In the lead up to UFC Dublin, the original opponent of ‘The Notorious’ Cole Miller pulled out presenting what the Irishman felt would be an ideal opportunity for Poirier to step in. The idea of the two facing each other had already been floated at this stage. If McGregor was successful against Miller, UFC Tonight reported that the SBG fighter would meet Poirier in a title eliminator showdown.
“I haven’t got a clue about him, who cares about him? He’s supposed to be a top ten guy and this is a main event fight,” McGregor berated Poirier when Diego Brandao was confirmed as Miller’s replacement for the main attraction of UFC Dublin. “He’s team-mates with Cole so he knew he was going to pull out. Did you hear him campaign for this fight?
“He could’ve main evented a UFC card, there’s only a few of these featherweights that have been the main event before. He’s trying to talk about earning stripes and shit like that, this is the main event of the fastest selling UFC event in history and when the injury happened there was silence from these people. I don’t dwell on these idiots, yeah?”
Whether the American was available for the bout or not, the sound bite certainly kept interest in a potential matchup between the two high and Poirier added further fuel to the fire the day before the UFC’s Dublin return. He tweeted: “I hope Conor wins tomorrow so I can beat his ass”, “He needs a slice of humble pie and I (am) just the man for the job” and “He doesn't even deserve to be in there with a real man like me but I'll make an exception to shut his loud mouth.”
As soon as McGregor’s hand was raised on July 19 his focus turned to Poirier and it wasn’t long before their date was set for UFC 178 on September 27. On a media tour a fortnight after the historic July 19 event in the US, the Irishman shared a stage with the ATT fighter and used the opportunity to showcase some of his public speaking skills.
“Dustin thinks it’s all talk but when he wakes up with his nose plastered on the other side of his face, he’s going to know it’s not all talk,” began his tirade which would go on to attack the durability of Poirier’s chin, his hometown and much more.
Despite proclaiming he would “shut his loud mouth”, Poirier sat back and watched as the Irishman provoked laughter from the gathering with punchlines that were more often than not focused on ‘The Diamond’. Frank Shamrock’s description of fighting Nick Diaz came to mind as a muted Poirier refused to get caught up in the exchange—“You know what,” Shamrock explained while commentating on Diaz’s bout with Paul Daley, “you just can’t imagine that he’s doing that to you.”
Photo by Jeff Bottari/Zuffa LLC/Zuffa LLC via Getty Images
Of course the silence Poirier was referring to and is aiming to achieve out of McGregor would ideally come through his performance on September 27 rather than on a stage. The American admitted that if he was to get caught up in the war of words it could directly affect his performance and that he had never met an opponent like the SBG man. He commented on what it was like to stand face to face with McGregor after so much back and forth.
“I knew he was going to get close to me when we squared off, but I’m going to stay cool and calm,” said Poirier. “The fight isn’t for weeks, I can’t allow myself to get aggressive because that would mess up my training camp.

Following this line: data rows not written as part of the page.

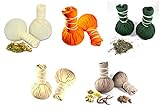 Kräuterstempel Set 10x 75g gemischt - je 2x Lavendel, Orange, Thai Spa, Herbal Selection, Grüner T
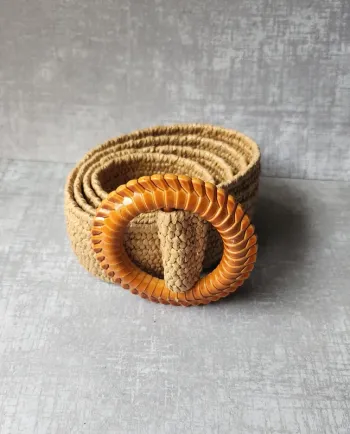Ceinture beige ajustable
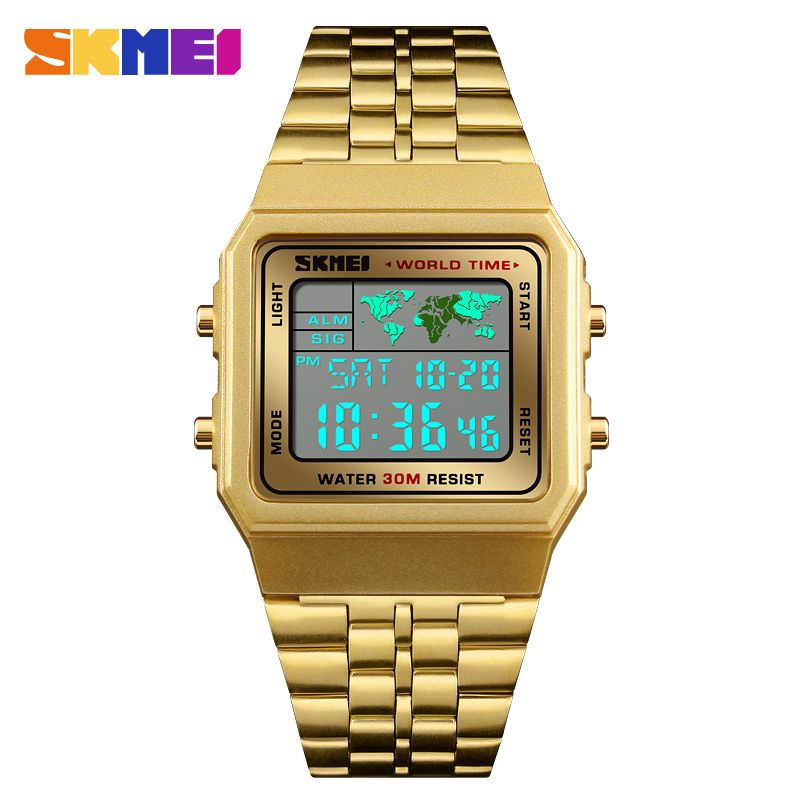 Acquistare Skmei Men Sport Guarda Orologi Digitali World Time 12/24 Hour  Clock Moda Orologio Da Polso Uomo Top Braccialetto Di Marca Uomo 1338  Economico | Consegna Veloce E Qualità | DHgate Italy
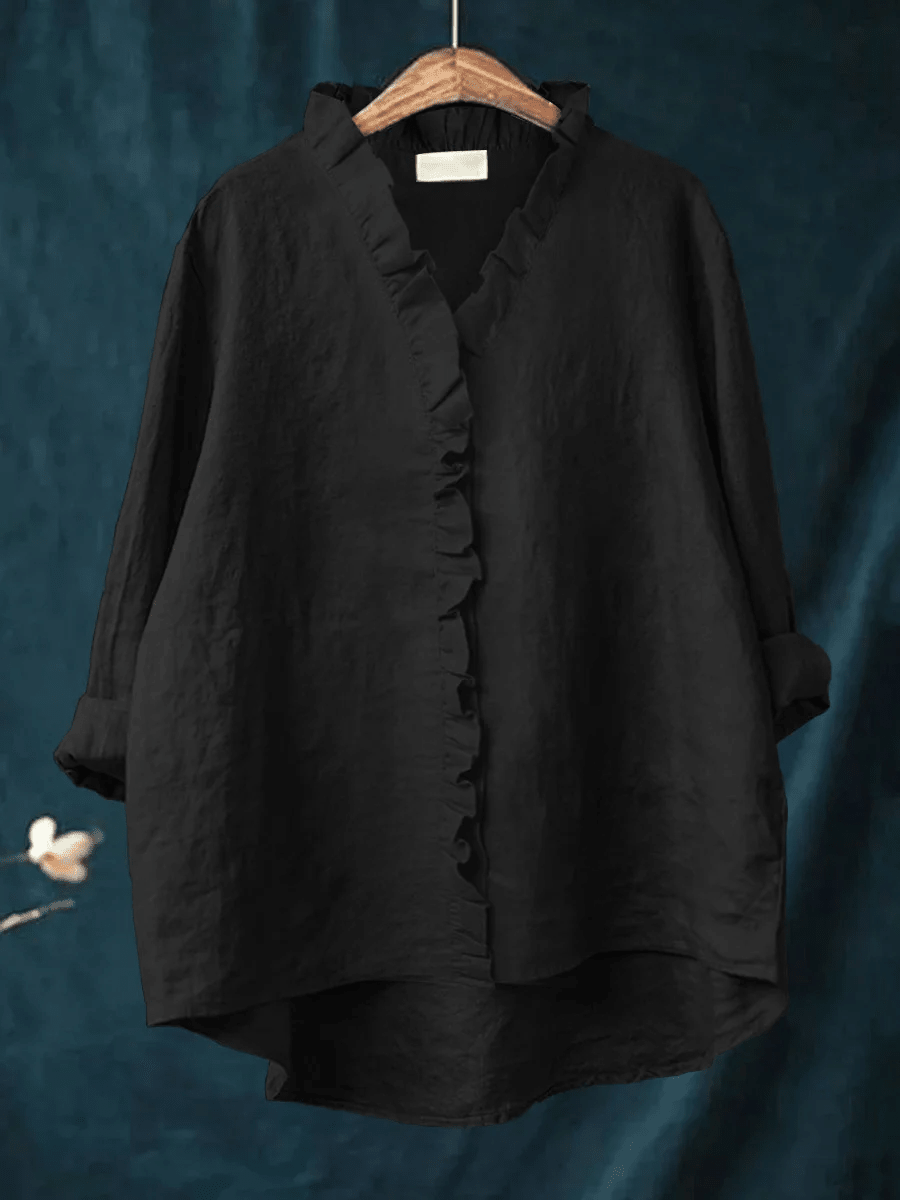Maribel | Soft Ruffle Blouse - for Real Comfort - Alira - Boutique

“I’ve got to stay emotionless. Stare downs and talking about opponents have never mattered to me. Preparing in the gym, what I’m going to work in this week and what I’m going to work on next week—that’s what I’m worried about.”

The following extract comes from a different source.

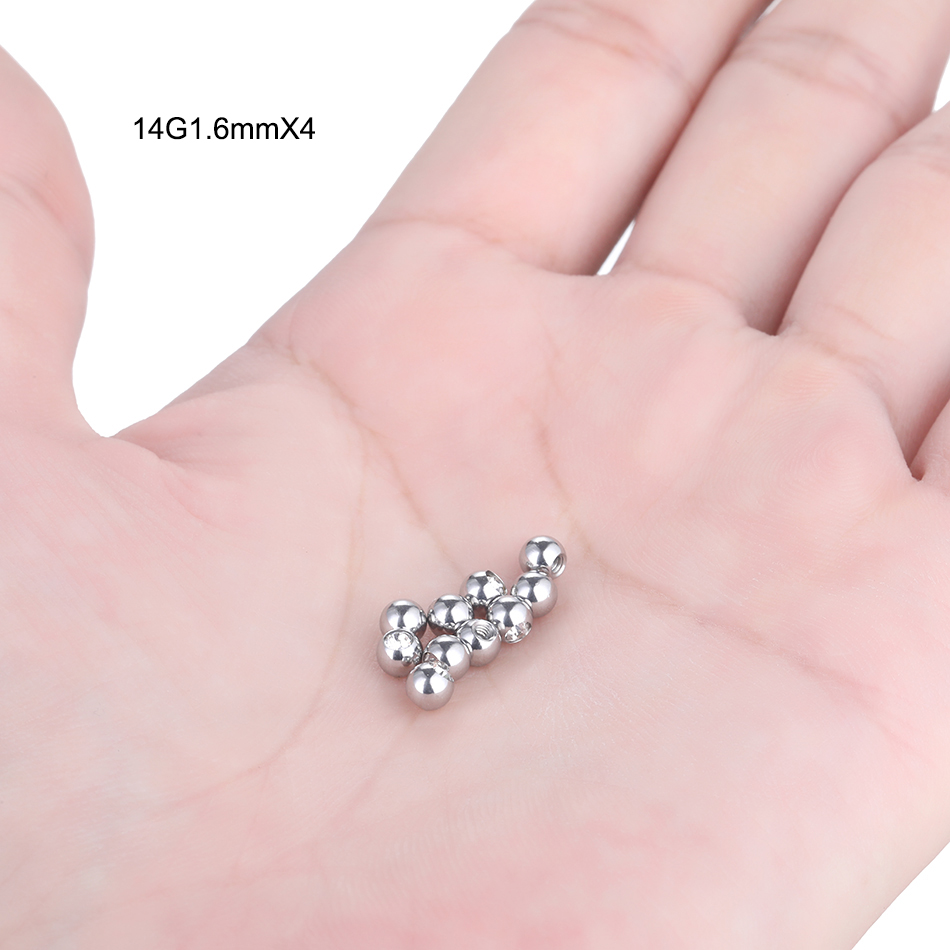 10 шт., сменные шарики из нерж – обзор и цена Body Jewelry Replacement Ball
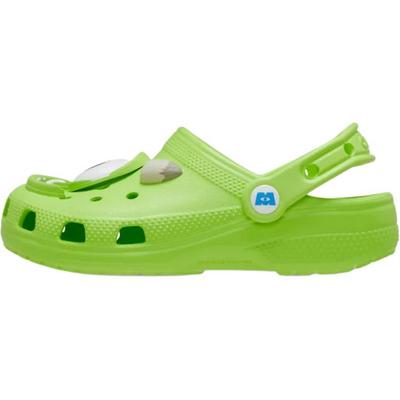 Monsters Inc x Classic Clog Protiskluzové Odolné proti opotřebení Nízké Dětské Sandály Zelené Dětské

McGregor on the other hand claimed that he sensed weakness from Poirier when they first stood toe to toe.
“He came towards me with his hands up and I walked straight up to him and looked him dead in the eyes,” McGregor recalled. “He can talk all the shit he wants online, but when we were face to face it was a different story.
“He talked all that shit on Twitter as if he wanted it but when we were face to face, man to man, I knew he didn’t want it. There were no words spoken, we both know what happened, he was afraid.”

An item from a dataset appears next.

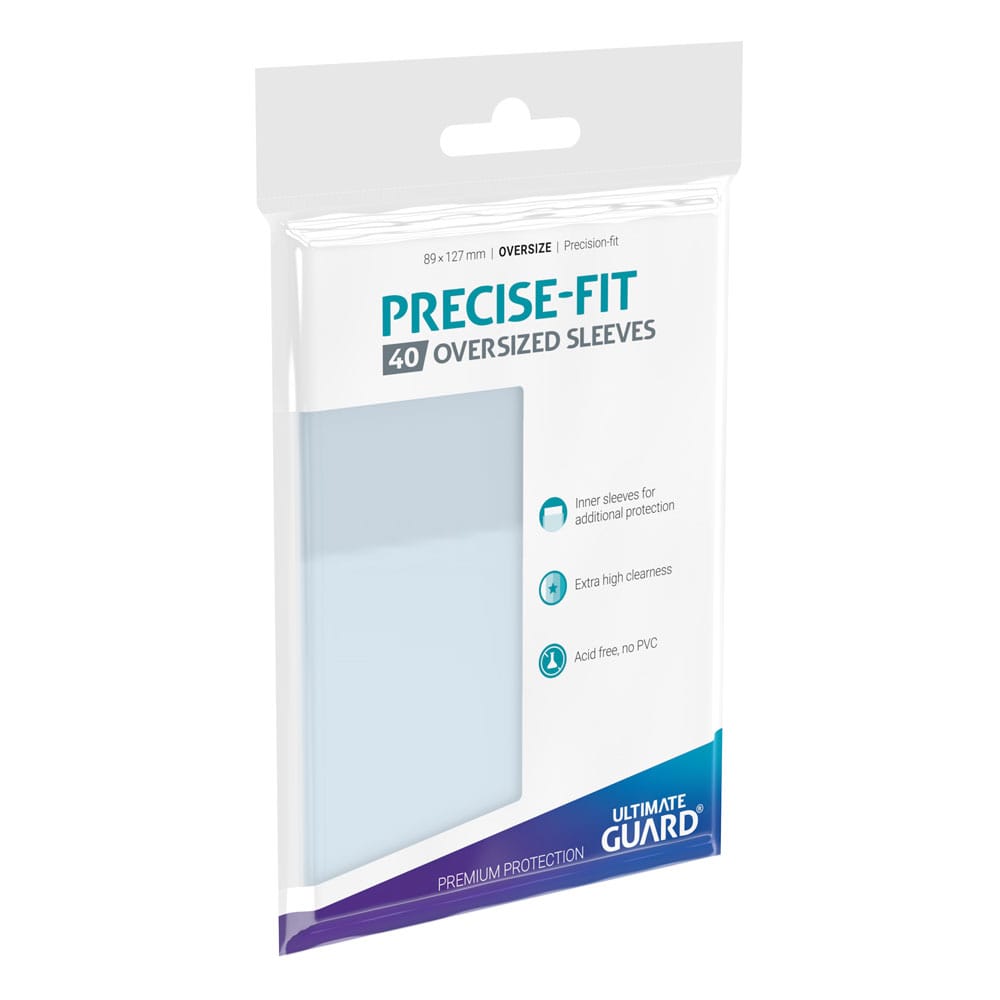 Ultimate Guard Precise-Fit Oversized Card Sleeves - Pack of 40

When asked what would be his biggest advantage ahead of their bout, Poirier interestingly cited his own mental robustness as a key to victory. He claimed other opponents of McGregor had allowed him into their heads and that was what led to their downfall.
Poirier said: “Experience, focus and mental strength are my biggest advantages. He’s not getting into my head, I know what I have to do when I get in there. For 15 minutes we’re going to have to perform and I know how to prepare myself for fights like this.
“I’m not affected at all by his talking. The lesser opponents he’s fought before me have let him get to them and it’s taken them out of their games. It’s frustrated them but it’s not going to work on me.
“I think he’s starting to make himself look a bit dumb. It’s what I said I was going to do before I went out to do the press conference. I’m a professional, I don’t want to play an emotional game with him.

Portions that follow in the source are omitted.